LISTED RECORDS
* * * *
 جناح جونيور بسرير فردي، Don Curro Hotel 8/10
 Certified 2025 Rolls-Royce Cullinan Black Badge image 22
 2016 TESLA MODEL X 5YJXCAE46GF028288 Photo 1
* * * *
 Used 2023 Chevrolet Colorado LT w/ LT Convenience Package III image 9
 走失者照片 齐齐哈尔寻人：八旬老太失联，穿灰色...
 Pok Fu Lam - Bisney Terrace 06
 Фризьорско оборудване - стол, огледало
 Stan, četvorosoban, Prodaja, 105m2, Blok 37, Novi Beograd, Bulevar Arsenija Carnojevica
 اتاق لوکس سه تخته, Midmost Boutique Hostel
* * * *
PROBLEM
Your task is to collect every line above that contains the word "image".

RESPONSE TO THIS TASK
 Certified 2025 Rolls-Royce Cullinan Black Badge image 22
 Used 2023 Chevrolet Colorado LT w/ LT Convenience Package III image 9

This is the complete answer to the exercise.